▸ **Task directions**
Your copy should repeat each record exactly and contain none of the pictures.

▸ **Material shown**
#####

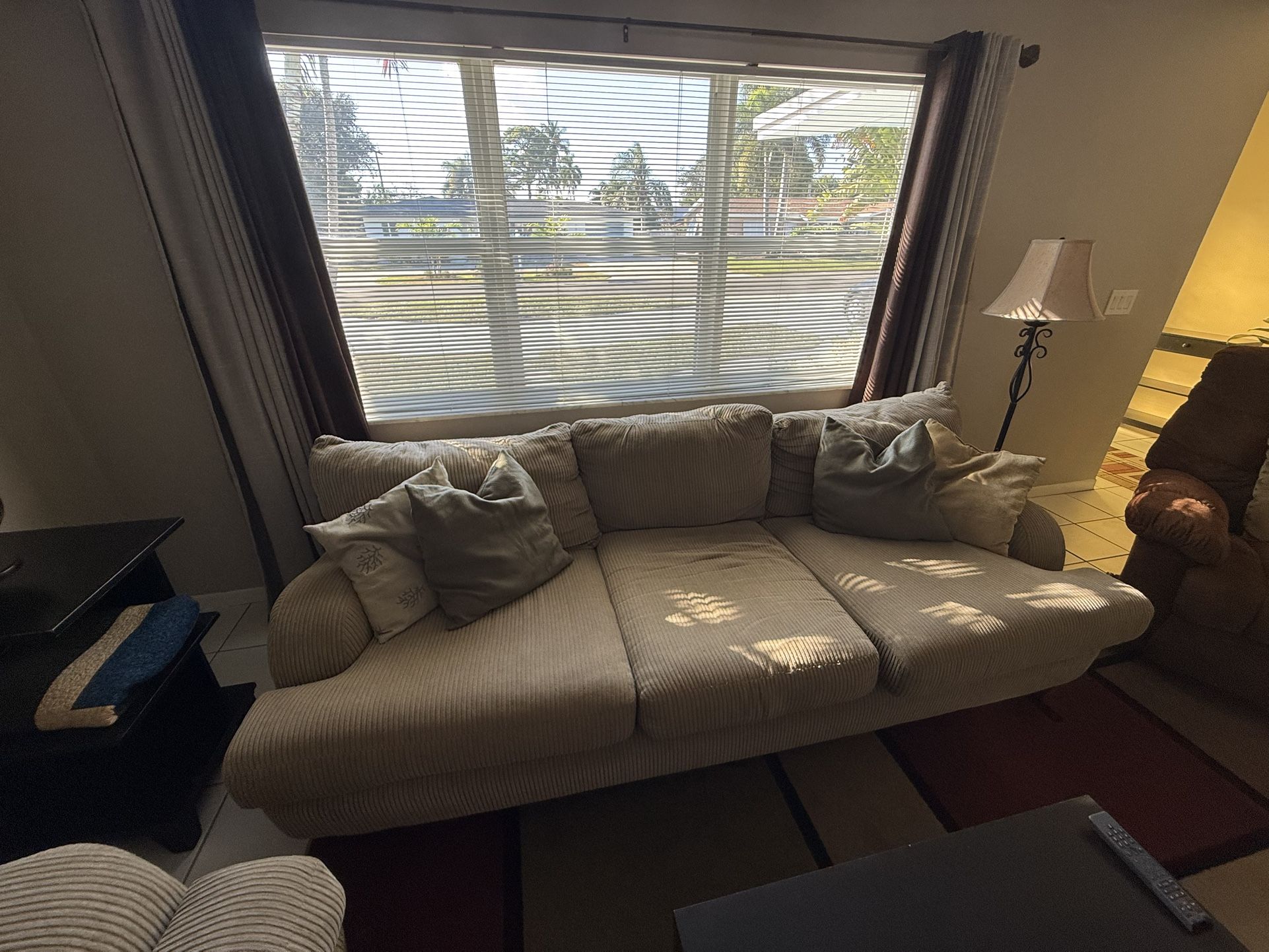 Couch And Loveseat - Deep Seated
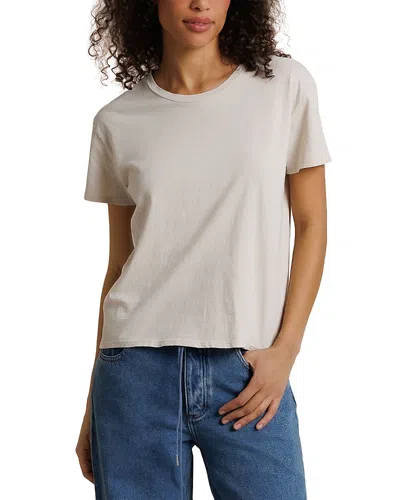 Perfectwhitetee Harley Boxy Tee In Neutral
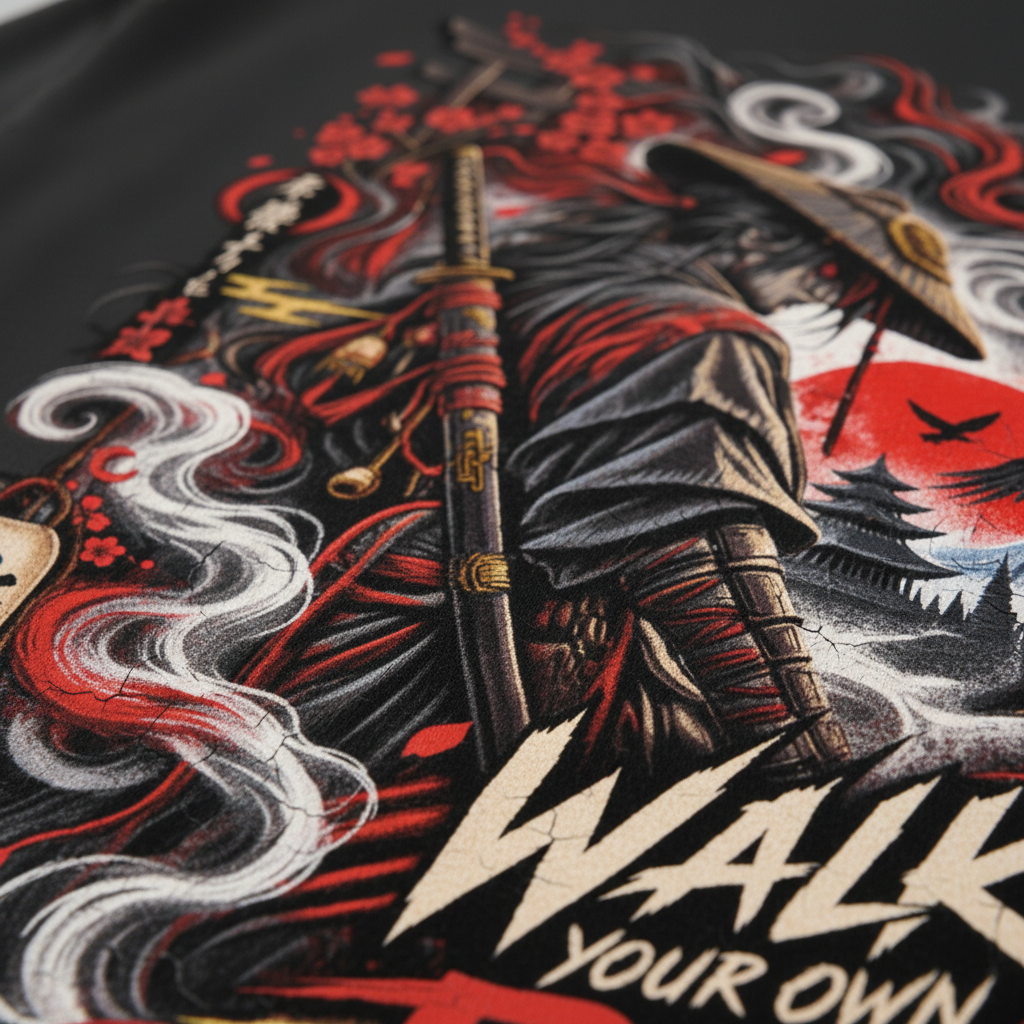 Walk Your Own Path — Print Close-Up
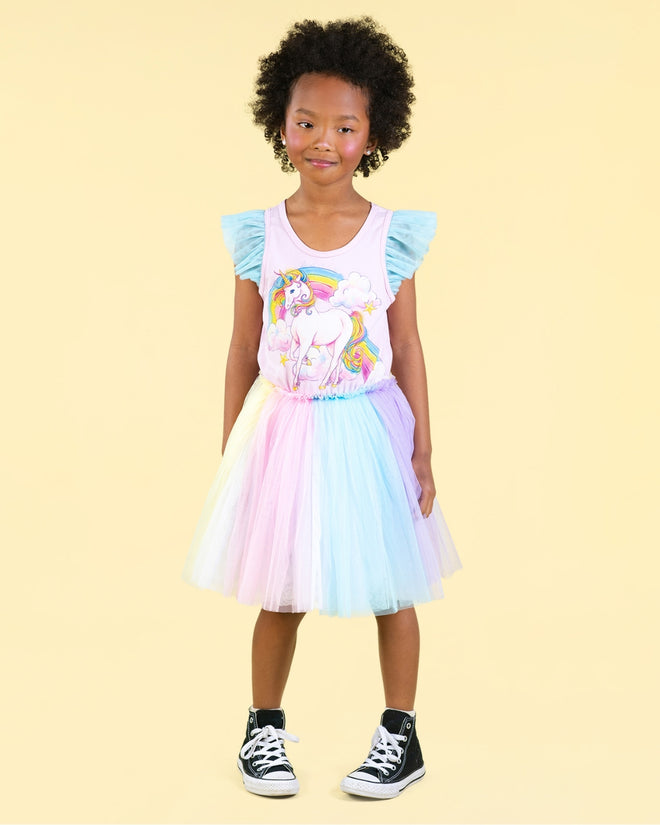 Rock Your Kid Unicorn Unicorn Rainbow Singlet Circus Dress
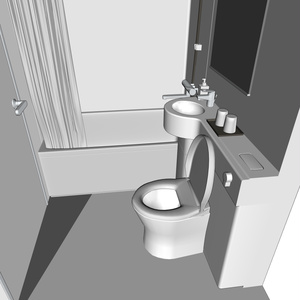 3Dユニットバス・トイレ(CLIPSTUDIOPAINT用) 缩略图 10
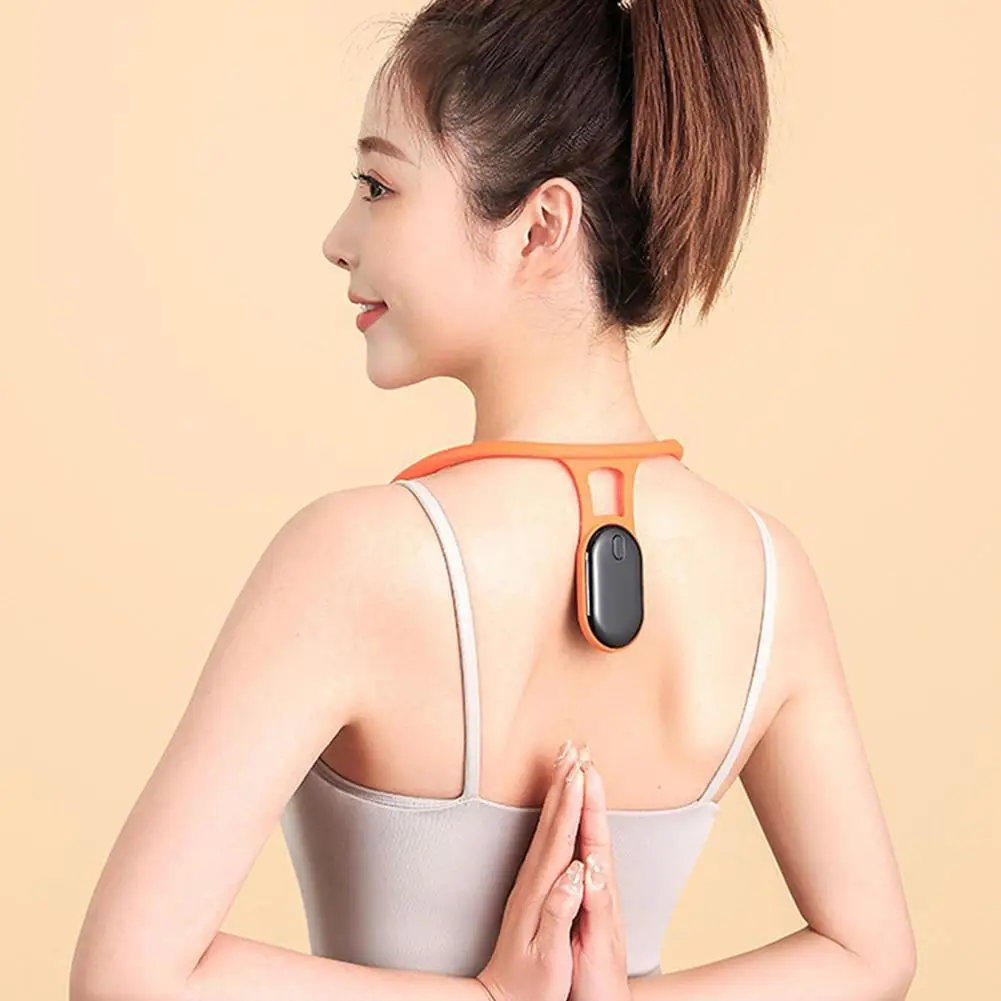 

Portable Ultrasonic Lymphatic Soothing Body Shaping Neck Instrument Hump Back Correction Belt Intelligent LCD Sitting Reminder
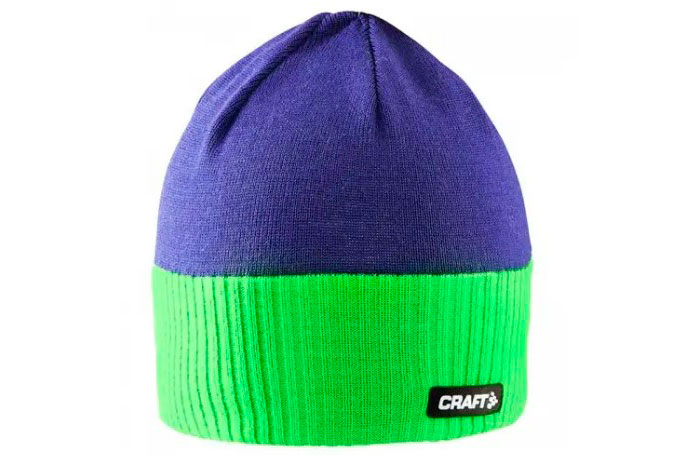 Фотография Шапка Craft Bormio размер S/M, фиолетово-зеленый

#####

▸ **Written answer**
 Couch And Loveseat - Deep Seated
 Perfectwhitetee Harley Boxy Tee In Neutral
 Walk Your Own Path — Print Close-Up
 Rock Your Kid Unicorn Unicorn Rainbow Singlet Circus Dress
 3Dユニットバス・トイレ(CLIPSTUDIOPAINT用) 缩略图 10

Portable Ultrasonic Lymphatic Soothing Body Shaping Neck Instrument Hump Back Correction Belt Intelligent LCD Sitting Reminder
 Фотография Шапка Craft Bormio размер S/M, фиолетово-зеленый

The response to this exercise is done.